What I Do Not Like About Windows 8
In 5 Things I Love About Windows 8 I listed five features of Microsoft's upcoming operating system that I really like. If you read that article you may have noticed that those features are all "desktop" related. They do not have anything to do with the new Metro UI of Windows 8, and that is for a reason.
Metro UI in its current form is something that I have no intention of using. I can see how the UI shines on tablets, touch enabled devices and maybe even netbooks and other low resolution devices.
On my desktop PC though, I feel like it adds weight to the workflow. As it stands now, I have to boot into Metro UI whenever I start the operating system. There I see buttons (Microsoft calls them Tiles) that launch applications, websites or information.
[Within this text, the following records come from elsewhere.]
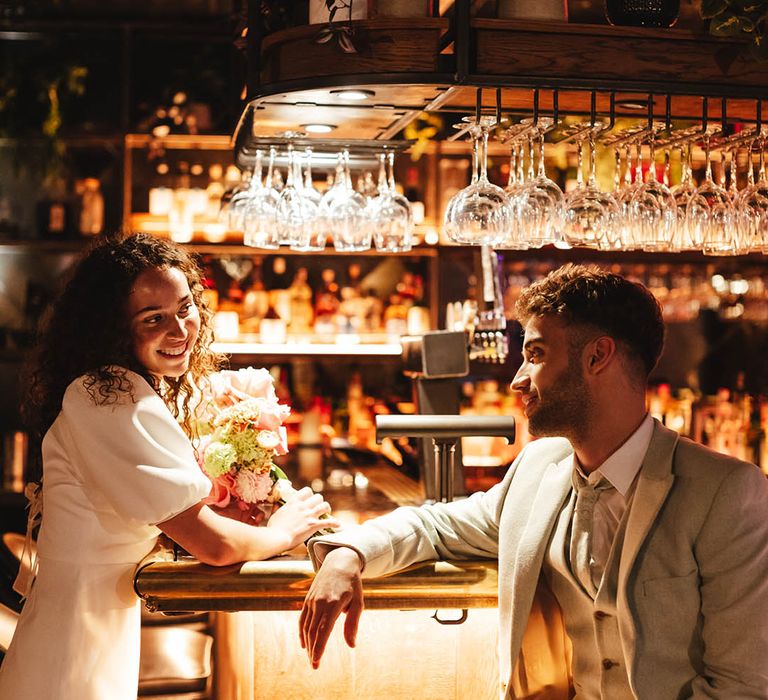 Urban wedding at Singer Tavern pub in Shoreditch, London with bride in a short wedding dress and groom in a pale green suit 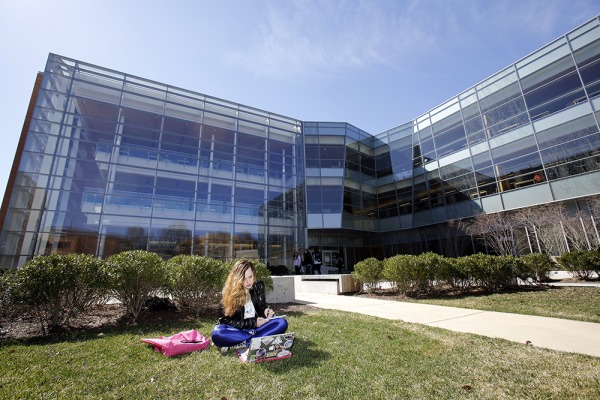 Student in front of the Berry library sitting in the grass reading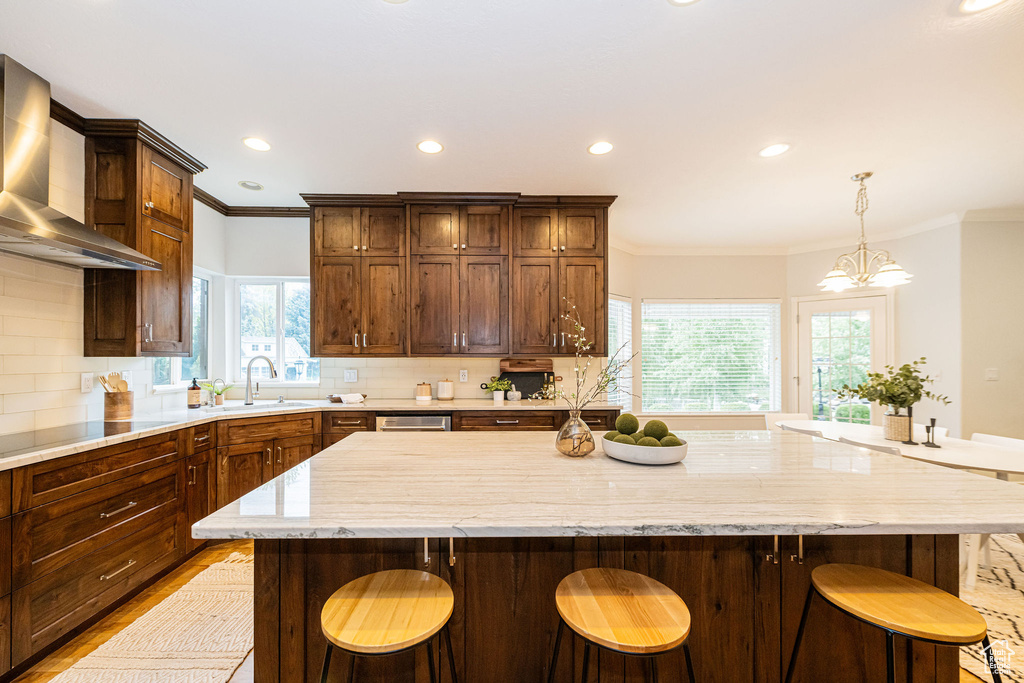 Kitchen with wall chimney range hood, a sink, ornamental molding, backsplash, and a large island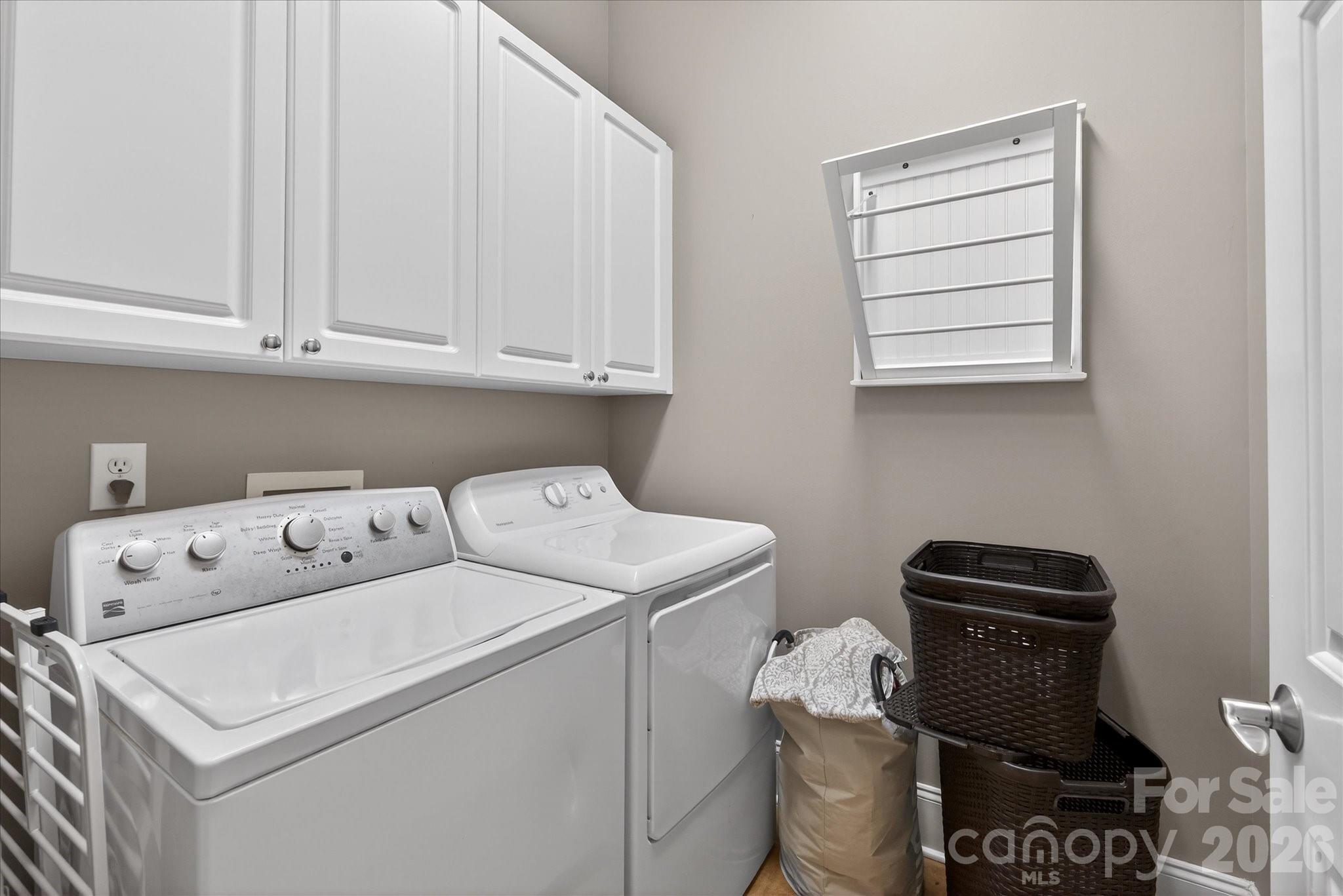 8811 1st Bloom Road Charlotte, NC 28277 - Photo 32 of 48 a utility room with dryer and washer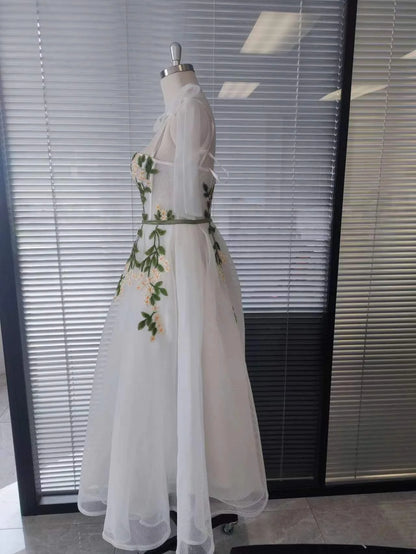 Vestido de fiesta con tirantes en la espalda, corte A, apliques y bolsillos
It is like a full screen application launcher that you cannot deactivate.
Update: You can boot into desktop if that was active when Windows shut down.
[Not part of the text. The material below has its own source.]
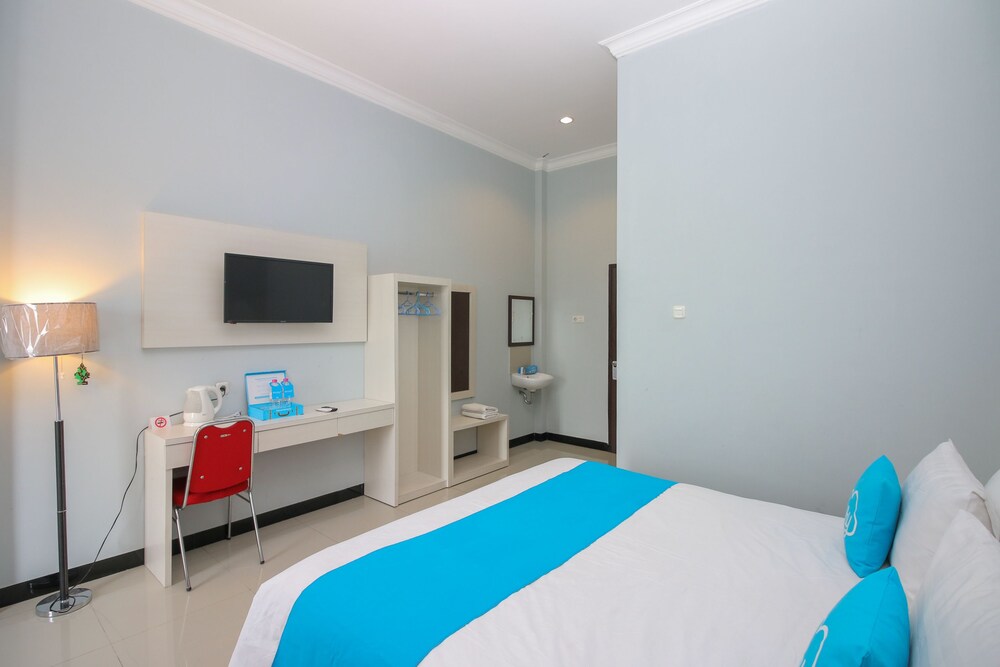 Purple Hotel Palu By Airy Rooms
I can type in there to launch applications that are not displayed as tiles, but that's not that intuitive and I foresee an increase in support related incidents when the operating system launches.
Here are basic things that I had difficulties with:
- How to switch between apps (you move your mouse to the left screen border and cycle through them with the mouse wheel.)
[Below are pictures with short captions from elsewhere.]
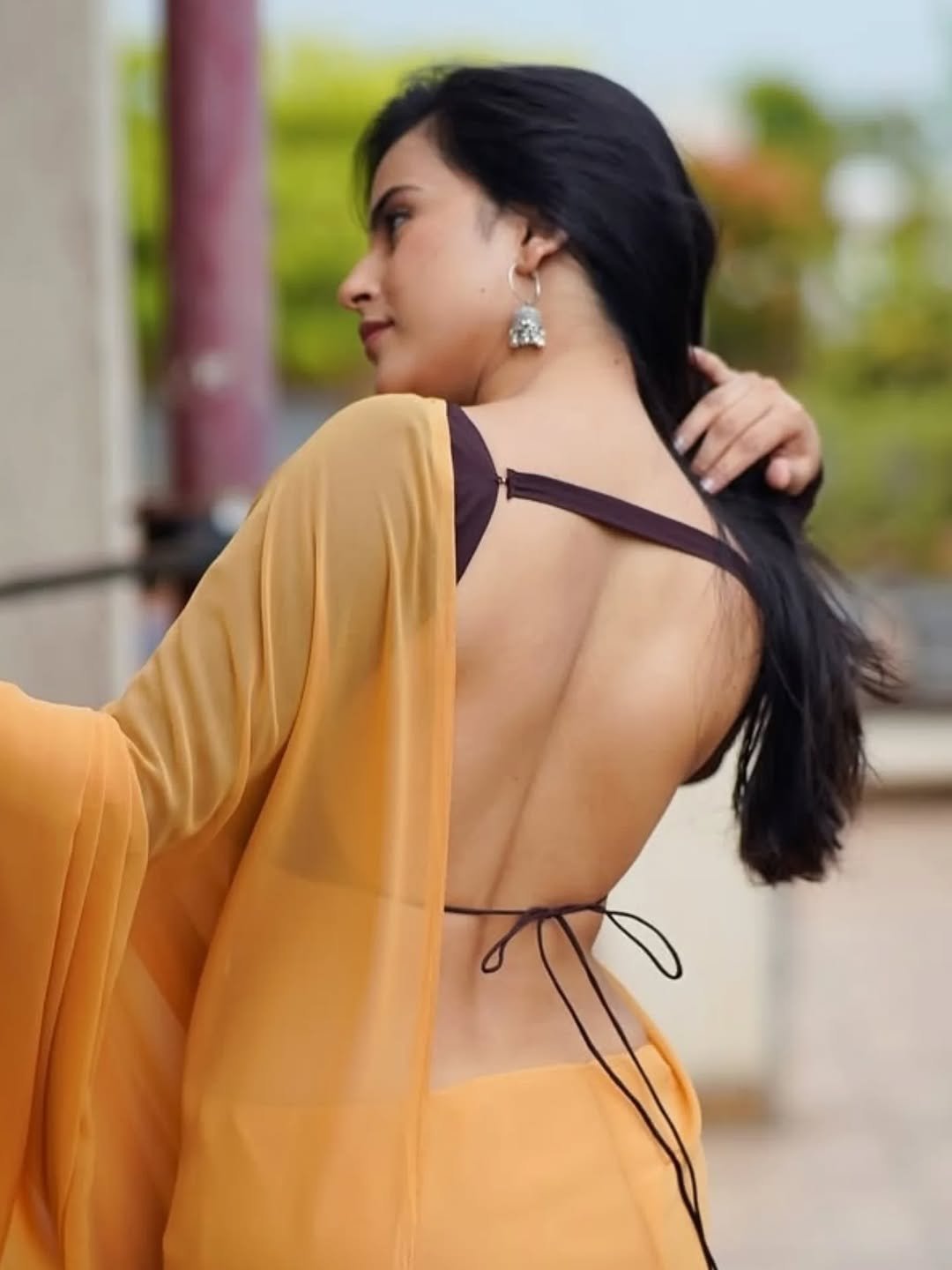 Pratiba Chaudhary in a yellow saree with brown blouse terrace portrait session (1)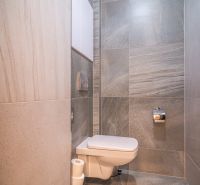 Bathroom with ceramic tiles and a wall-mounted toilet in a Holiday Apartment.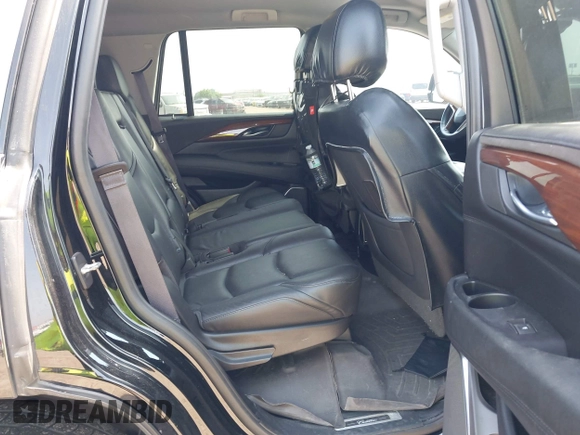 2017 Cadillac Escalade z VIN 1GYS3AKJ4HR338806, wystawiony jako IAAI lot #41941193 z przebiegiem 119 865 mil mil oraz . Historia ofert i sprzedaży dostępna na DreamBid. Obrazek 8.
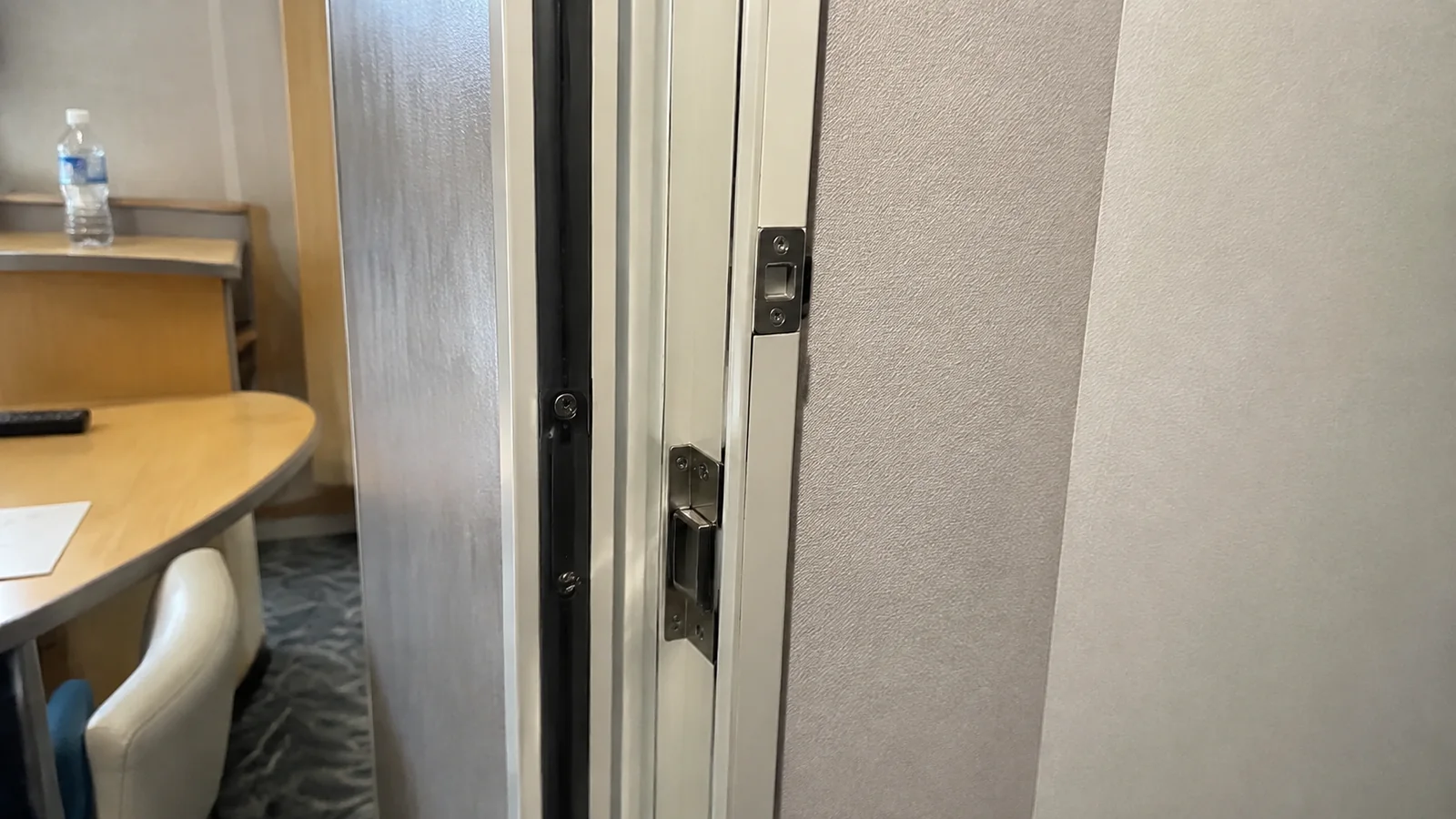 Partially open connecting door beside a cruise cabin desk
- How to close apps (No idea
- How to add apps to the new Metro start UI (you type the app name, right-click the app in the search results list and select Pin)
- How to remove apps from the UI (you right-click and select unpin or uninstall depending on the type of program).
- How to access the standard Start Menu (see Registry fix here, but it disables Metro apps)
- How to stay on the desktop and not switch back to the Metro UI. Remember, there is no start menu, and you cannot use the Windows key either)
- How to shut down Windows 8 (press Alt-F4 with no Windows open in desktop mode)
I would assume that inexperienced users may have even more troubles with the new design and layout than I have.
The main issue that I have is the Metro UI. I know that I won't be using it, and I hope that Microsoft will be adding options to disable Metro and stick with the classic desktop all the time.
This is not a question of adaption. It is just that I feel that work will take longer to complete with Metro UI enabled, than it would without. I mean, what is the difference between a Metro UI that displays links to applications and features, and the classic desktop with shortcuts, pinned Taskbar items and the start menu?
Then again, I may be biased as I have been working with the classic desktop for a long time. I will give the operating a spin on my desktop when it comes out. First in a dual boot scenario, later on maybe as my primary operating system.
Microsoft still has time to please everyone. Users who embrace the change and think that Metro UI looks pretty and is functional, and those who think that it will slow them down in their day to day activities.